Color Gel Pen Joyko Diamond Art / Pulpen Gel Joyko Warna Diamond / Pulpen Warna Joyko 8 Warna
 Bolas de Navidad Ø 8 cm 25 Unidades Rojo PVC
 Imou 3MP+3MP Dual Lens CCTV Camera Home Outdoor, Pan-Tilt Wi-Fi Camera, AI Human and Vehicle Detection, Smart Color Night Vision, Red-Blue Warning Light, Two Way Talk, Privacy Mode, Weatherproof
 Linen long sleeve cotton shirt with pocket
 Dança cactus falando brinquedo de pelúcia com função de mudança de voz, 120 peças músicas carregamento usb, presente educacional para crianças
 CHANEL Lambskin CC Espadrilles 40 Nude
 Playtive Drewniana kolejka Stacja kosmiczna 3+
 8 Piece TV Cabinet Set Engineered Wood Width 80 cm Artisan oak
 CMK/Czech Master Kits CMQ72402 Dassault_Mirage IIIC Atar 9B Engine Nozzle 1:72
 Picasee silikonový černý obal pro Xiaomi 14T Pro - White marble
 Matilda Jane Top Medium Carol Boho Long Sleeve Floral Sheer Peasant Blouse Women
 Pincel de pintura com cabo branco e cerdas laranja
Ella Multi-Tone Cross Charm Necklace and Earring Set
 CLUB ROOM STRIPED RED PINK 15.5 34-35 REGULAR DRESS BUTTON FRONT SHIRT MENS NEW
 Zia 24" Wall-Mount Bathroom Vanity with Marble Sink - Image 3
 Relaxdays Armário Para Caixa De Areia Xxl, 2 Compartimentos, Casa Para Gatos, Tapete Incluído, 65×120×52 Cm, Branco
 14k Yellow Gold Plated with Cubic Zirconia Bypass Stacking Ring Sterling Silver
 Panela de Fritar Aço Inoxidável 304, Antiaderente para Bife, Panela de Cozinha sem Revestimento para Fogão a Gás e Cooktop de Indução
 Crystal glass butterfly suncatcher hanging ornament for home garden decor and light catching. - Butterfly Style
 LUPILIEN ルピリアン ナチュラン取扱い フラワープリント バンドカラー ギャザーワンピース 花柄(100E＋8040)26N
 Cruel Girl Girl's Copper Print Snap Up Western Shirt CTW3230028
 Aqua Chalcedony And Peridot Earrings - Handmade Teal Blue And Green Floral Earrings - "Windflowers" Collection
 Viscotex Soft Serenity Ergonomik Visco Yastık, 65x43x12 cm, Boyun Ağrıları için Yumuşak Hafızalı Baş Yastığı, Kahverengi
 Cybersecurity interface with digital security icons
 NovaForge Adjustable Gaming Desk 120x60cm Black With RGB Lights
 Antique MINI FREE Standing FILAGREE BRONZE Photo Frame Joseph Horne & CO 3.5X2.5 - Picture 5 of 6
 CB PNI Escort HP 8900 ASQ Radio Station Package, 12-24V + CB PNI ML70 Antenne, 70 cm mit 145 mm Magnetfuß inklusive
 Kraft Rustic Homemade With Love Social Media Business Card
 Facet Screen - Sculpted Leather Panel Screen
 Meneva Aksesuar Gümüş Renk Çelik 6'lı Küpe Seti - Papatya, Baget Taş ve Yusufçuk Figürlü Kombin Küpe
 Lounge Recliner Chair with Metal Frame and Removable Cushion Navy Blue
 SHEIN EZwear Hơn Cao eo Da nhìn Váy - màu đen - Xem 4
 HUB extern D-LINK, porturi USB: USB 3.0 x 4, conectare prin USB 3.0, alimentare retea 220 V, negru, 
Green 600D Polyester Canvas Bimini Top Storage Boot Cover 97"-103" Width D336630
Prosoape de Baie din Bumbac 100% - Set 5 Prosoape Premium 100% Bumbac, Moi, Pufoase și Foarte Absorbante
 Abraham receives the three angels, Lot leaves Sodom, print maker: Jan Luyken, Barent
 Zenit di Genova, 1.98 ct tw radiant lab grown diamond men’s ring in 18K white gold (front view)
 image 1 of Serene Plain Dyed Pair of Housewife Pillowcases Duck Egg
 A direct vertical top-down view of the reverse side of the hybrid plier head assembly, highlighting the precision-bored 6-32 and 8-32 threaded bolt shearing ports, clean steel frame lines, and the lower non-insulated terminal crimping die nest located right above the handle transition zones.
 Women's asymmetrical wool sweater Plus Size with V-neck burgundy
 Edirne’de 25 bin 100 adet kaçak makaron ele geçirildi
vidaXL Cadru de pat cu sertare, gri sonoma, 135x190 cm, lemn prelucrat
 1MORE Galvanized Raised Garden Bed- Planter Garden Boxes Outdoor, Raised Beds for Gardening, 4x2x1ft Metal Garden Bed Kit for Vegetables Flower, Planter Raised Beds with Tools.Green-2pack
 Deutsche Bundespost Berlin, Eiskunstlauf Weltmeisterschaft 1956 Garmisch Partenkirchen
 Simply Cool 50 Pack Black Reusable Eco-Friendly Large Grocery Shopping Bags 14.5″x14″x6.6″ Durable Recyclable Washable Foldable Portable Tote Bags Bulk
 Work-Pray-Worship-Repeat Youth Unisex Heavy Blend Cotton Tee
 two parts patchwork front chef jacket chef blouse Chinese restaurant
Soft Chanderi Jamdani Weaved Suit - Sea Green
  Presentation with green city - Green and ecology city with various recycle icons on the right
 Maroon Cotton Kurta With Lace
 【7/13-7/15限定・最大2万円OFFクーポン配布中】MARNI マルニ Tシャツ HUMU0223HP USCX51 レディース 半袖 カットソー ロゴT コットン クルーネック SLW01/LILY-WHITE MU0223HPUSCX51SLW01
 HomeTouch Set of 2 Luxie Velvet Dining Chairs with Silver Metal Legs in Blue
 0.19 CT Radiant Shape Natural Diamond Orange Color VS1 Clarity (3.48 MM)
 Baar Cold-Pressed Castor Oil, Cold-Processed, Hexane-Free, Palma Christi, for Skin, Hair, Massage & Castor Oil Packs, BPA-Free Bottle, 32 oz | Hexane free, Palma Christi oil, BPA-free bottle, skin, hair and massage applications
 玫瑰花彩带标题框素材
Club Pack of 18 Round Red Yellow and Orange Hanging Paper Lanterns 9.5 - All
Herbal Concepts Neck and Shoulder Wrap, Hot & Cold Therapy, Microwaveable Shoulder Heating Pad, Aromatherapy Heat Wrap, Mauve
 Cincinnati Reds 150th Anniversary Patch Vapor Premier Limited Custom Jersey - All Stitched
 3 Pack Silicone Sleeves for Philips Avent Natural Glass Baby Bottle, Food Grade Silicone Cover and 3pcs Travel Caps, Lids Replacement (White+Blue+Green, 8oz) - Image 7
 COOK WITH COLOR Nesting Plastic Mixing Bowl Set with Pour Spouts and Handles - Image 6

▶ [What this task involves]:
Every entry above needs to be duplicated exactly.

▶ [Task output]:
Color Gel Pen Joyko Diamond Art / Pulpen Gel Joyko Warna Diamond / Pulpen Warna Joyko 8 Warna
 Bolas de Navidad Ø 8 cm 25 Unidades Rojo PVC
 Imou 3MP+3MP Dual Lens CCTV Camera Home Outdoor, Pan-Tilt Wi-Fi Camera, AI Human and Vehicle Detection, Smart Color Night Vision, Red-Blue Warning Light, Two Way Talk, Privacy Mode, Weatherproof
 Linen long sleeve cotton shirt with pocket
 Dança cactus falando brinquedo de pelúcia com função de mudança de voz, 120 peças músicas carregamento usb, presente educacional para crianças
 CHANEL Lambskin CC Espadrilles 40 Nude
 Playtive Drewniana kolejka Stacja kosmiczna 3+
 8 Piece TV Cabinet Set Engineered Wood Width 80 cm Artisan oak
 CMK/Czech Master Kits CMQ72402 Dassault_Mirage IIIC Atar 9B Engine Nozzle 1:72
 Picasee silikonový černý obal pro Xiaomi 14T Pro - White marble
 Matilda Jane Top Medium Carol Boho Long Sleeve Floral Sheer Peasant Blouse Women
 Pincel de pintura com cabo branco e cerdas laranja
Ella Multi-Tone Cross Charm Necklace and Earring Set
 CLUB ROOM STRIPED RED PINK 15.5 34-35 REGULAR DRESS BUTTON FRONT SHIRT MENS NEW
 Zia 24" Wall-Mount Bathroom Vanity with Marble Sink - Image 3
 Relaxdays Armário Para Caixa De Areia Xxl, 2 Compartimentos, Casa Para Gatos, Tapete Incluído, 65×120×52 Cm, Branco
 14k Yellow Gold Plated with Cubic Zirconia Bypass Stacking Ring Sterling Silver
 Panela de Fritar Aço Inoxidável 304, Antiaderente para Bife, Panela de Cozinha sem Revestimento para Fogão a Gás e Cooktop de Indução
 Crystal glass butterfly suncatcher hanging ornament for home garden decor and light catching. - Butterfly Style
 LUPILIEN ルピリアン ナチュラン取扱い フラワープリント バンドカラー ギャザーワンピース 花柄(100E＋8040)26N
 Cruel Girl Girl's Copper Print Snap Up Western Shirt CTW3230028
 Aqua Chalcedony And Peridot Earrings - Handmade Teal Blue And Green Floral Earrings - "Windflowers" Collection
 Viscotex Soft Serenity Ergonomik Visco Yastık, 65x43x12 cm, Boyun Ağrıları için Yumuşak Hafızalı Baş Yastığı, Kahverengi
 Cybersecurity interface with digital security icons
 NovaForge Adjustable Gaming Desk 120x60cm Black With RGB Lights
 Antique MINI FREE Standing FILAGREE BRONZE Photo Frame Joseph Horne & CO 3.5X2.5 - Picture 5 of 6
 CB PNI Escort HP 8900 ASQ Radio Station Package, 12-24V + CB PNI ML70 Antenne, 70 cm mit 145 mm Magnetfuß inklusive
 Kraft Rustic Homemade With Love Social Media Business Card
 Facet Screen - Sculpted Leather Panel Screen
 Meneva Aksesuar Gümüş Renk Çelik 6'lı Küpe Seti - Papatya, Baget Taş ve Yusufçuk Figürlü Kombin Küpe
 Lounge Recliner Chair with Metal Frame and Removable Cushion Navy Blue
 SHEIN EZwear Hơn Cao eo Da nhìn Váy - màu đen - Xem 4
 HUB extern D-LINK, porturi USB: USB 3.0 x 4, conectare prin USB 3.0, alimentare retea 220 V, negru, 
Green 600D Polyester Canvas Bimini Top Storage Boot Cover 97"-103" Width D336630
Prosoape de Baie din Bumbac 100% - Set 5 Prosoape Premium 100% Bumbac, Moi, Pufoase și Foarte Absorbante
 Abraham receives the three angels, Lot leaves Sodom, print maker: Jan Luyken, Barent
 Zenit di Genova, 1.98 ct tw radiant lab grown diamond men’s ring in 18K white gold (front view)
 image 1 of Serene Plain Dyed Pair of Housewife Pillowcases Duck Egg
 A direct vertical top-down view of the reverse side of the hybrid plier head assembly, highlighting the precision-bored 6-32 and 8-32 threaded bolt shearing ports, clean steel frame lines, and the lower non-insulated terminal crimping die nest located right above the handle transition zones.
 Women's asymmetrical wool sweater Plus Size with V-neck burgundy
 Edirne’de 25 bin 100 adet kaçak makaron ele geçirildi
vidaXL Cadru de pat cu sertare, gri sonoma, 135x190 cm, lemn prelucrat
 1MORE Galvanized Raised Garden Bed- Planter Garden Boxes Outdoor, Raised Beds for Gardening, 4x2x1ft Metal Garden Bed Kit for Vegetables Flower, Planter Raised Beds with Tools.Green-2pack
 Deutsche Bundespost Berlin, Eiskunstlauf Weltmeisterschaft 1956 Garmisch Partenkirchen
 Simply Cool 50 Pack Black Reusable Eco-Friendly Large Grocery Shopping Bags 14.5″x14″x6.6″ Durable Recyclable Washable Foldable Portable Tote Bags Bulk
 Work-Pray-Worship-Repeat Youth Unisex Heavy Blend Cotton Tee
 two parts patchwork front chef jacket chef blouse Chinese restaurant
Soft Chanderi Jamdani Weaved Suit - Sea Green
  Presentation with green city - Green and ecology city with various recycle icons on the right
 Maroon Cotton Kurta With Lace
 【7/13-7/15限定・最大2万円OFFクーポン配布中】MARNI マルニ Tシャツ HUMU0223HP USCX51 レディース 半袖 カットソー ロゴT コットン クルーネック SLW01/LILY-WHITE MU0223HPUSCX51SLW01
 HomeTouch Set of 2 Luxie Velvet Dining Chairs with Silver Metal Legs in Blue
 0.19 CT Radiant Shape Natural Diamond Orange Color VS1 Clarity (3.48 MM)
 Baar Cold-Pressed Castor Oil, Cold-Processed, Hexane-Free, Palma Christi, for Skin, Hair, Massage & Castor Oil Packs, BPA-Free Bottle, 32 oz | Hexane free, Palma Christi oil, BPA-free bottle, skin, hair and massage applications
 玫瑰花彩带标题框素材
Club Pack of 18 Round Red Yellow and Orange Hanging Paper Lanterns 9.5 - All
Herbal Concepts Neck and Shoulder Wrap, Hot & Cold Therapy, Microwaveable Shoulder Heating Pad, Aromatherapy Heat Wrap, Mauve
 Cincinnati Reds 150th Anniversary Patch Vapor Premier Limited Custom Jersey - All Stitched
 3 Pack Silicone Sleeves for Philips Avent Natural Glass Baby Bottle, Food Grade Silicone Cover and 3pcs Travel Caps, Lids Replacement (White+Blue+Green, 8oz) - Image 7
 COOK WITH COLOR Nesting Plastic Mixing Bowl Set with Pour Spouts and Handles - Image 6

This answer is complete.